In the section that includes this figure, Dr. Cumming quickly explains why Null Hypothesis Significance Testing (NHST) should not be used to confirm research findings. To illustrate this, he created a simulation consisting of 25 repetitions of a simple experiment with 2 independent samples. The difference between the populations is represented by the line, the circles represent different samples, and the p-values are on the left of the figure. As you can see, the circles and the confidence intervals dance around, and p-values are rarely significant. For my purposes, I want you to eyeball how often the 95% confidence interval below its predecessor’s (its replication) captures the next experiment’s mean difference, and then compare that count to how often a significant p-value is followed by another significant p-value.
To introduce my problem, I will only describe the design of a thrice replicated experiment because the research is not mine to share. In each experiment, participants received 1 of 2 treatments, or no treatment, and then they responded to a 1-item scale from 1-100 that would serve as a manipulation check for the treatments. Though the treatments were different, each was predicted to produce lower responses on the scale compared to those responses following the neutral condition. An Analysis of Variance revealed a significant difference in responses between conditions in the first experiment, but not in the second experiment. This is the problem that I want to discuss.
When I inspected the means of all 3 conditions in each experiment, I could see that they were different and why (I think) the results did not “reach significance.” My first question was, “Well, are the means really, significantly different than their corresponding means from first experiment, even if they aren’t significantly different from each other in the second experiment?” In other words, is the mean response for the neutral condition in experiment 2 significantly different than the the mean response for the neutral condition in experiment 1? What about the treatment condition means between experiments?
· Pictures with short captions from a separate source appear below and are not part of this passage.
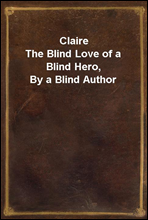 Claire
The Blind Love of a Blind Hero, By a Blind Author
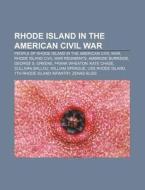 Rhode Island In The American Civil War: di Books Llc edito da Books LLC, Wiki Series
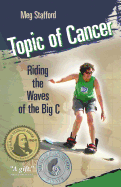 Topic of Cancer: Riding the Waves of the Big C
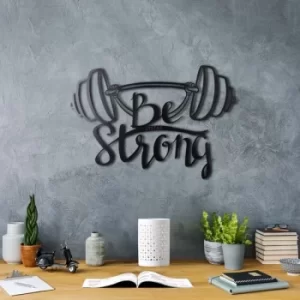Image of Be Strong Black Decorative Metal Wall Accessory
To test this, I took each of the means, standard deviations and sample sizes from the 3 conditions in both experiments and ran t-tests. To make extra damn sure, I made the sample sizes equal by randomly sampling the smallest group’s sample size from each of the larger samples. All the p-values were too big. Have I answered my question? Are the means statistically different? By convention, I failed to reject the null hypothesis: there is no difference between the means. Yes, I have an answer.
By this point, I felt a little better that the means weren’t statistically different, but this lead me to ask, “So does this imply that these means are expected from these populations?” In other words, if we had the grant money to run this experiment over and over, to the tune of, say, thousands of times, would we expect the means from experiments 1 & 2 to show up in one of our replications?
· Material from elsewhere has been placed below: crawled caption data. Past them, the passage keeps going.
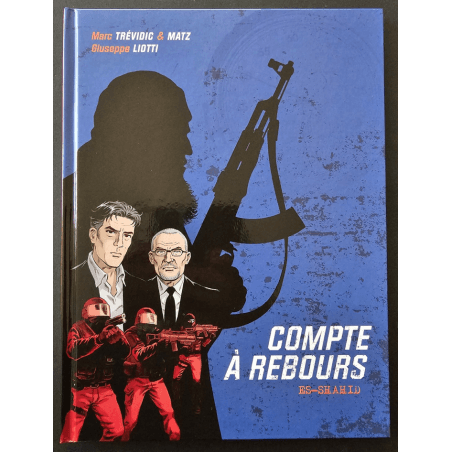 Compte à rebours T.01 à T.03 + 2x dessin original - 3x C - EO/Ré - (2018/2019)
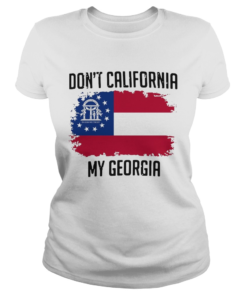 1597720768Donâ€™t California My Georgia Flag  Classic Ladies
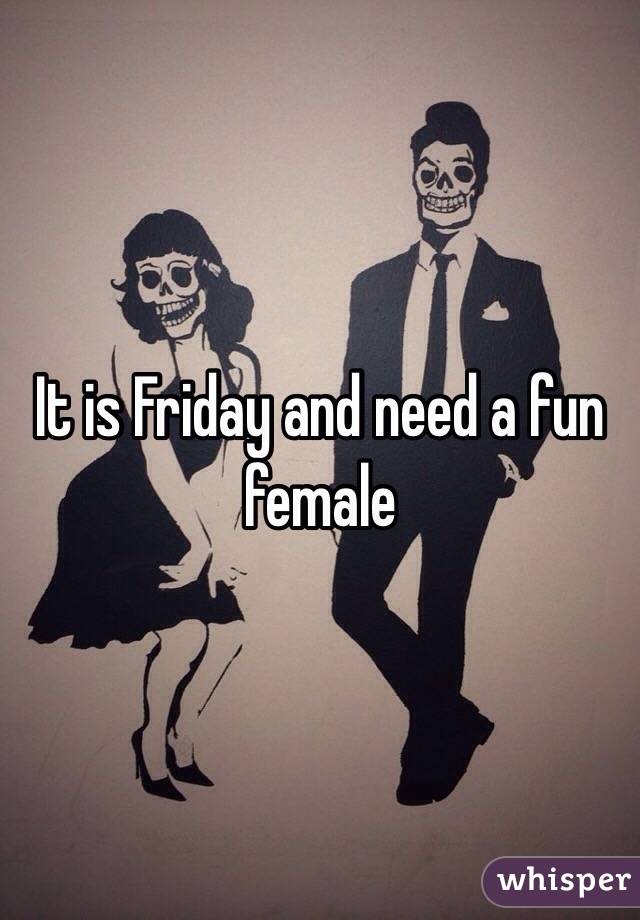 It is Friday and need a fun female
To visualize this, I created 95% confidence intervals around the means of all 3 conditions from not only the 2 experiments that I ran, but a third experiment ran by another researcher.
Figure 2. Control, Treatment 1 and Treatment 2 means from 3 experiments (mine are the 2nd and 3rd of each set)
You can see that confidence intervals from previous experiments capture means in the preceding ones. All is right with the world because most of the time (a little over 80% according to Cumming) a confidence interval from the previous experiment will capture the mean in the next. If I run a version of this experiment again, I’m sure that my statistical fishing nets you see here will be wide enough to snag the new means. What I hope I’ve demonstrated here is that if experiment 2 (the third mean from each condition on the graph above) was my first experiment, and if I relied on significance to make a conclusion about the differences between these conditions, then I might not run another experiment. I might conclude that these conditions do not produce meaningfully different responses on my scale, when maybe they do.
Social science has made great leaps and bounds over the past century, but it isn’t perfect. As a freshly minted undergraduate, I can assure you that students will be taught the dogma of NHST for years to come. This should change. If, as scientists, we pride ourselves in our methods for discovering truth, we should take opportunities sooner rather than later to refine those methods. Otherwise, we’re just sitting in armchairs I guess.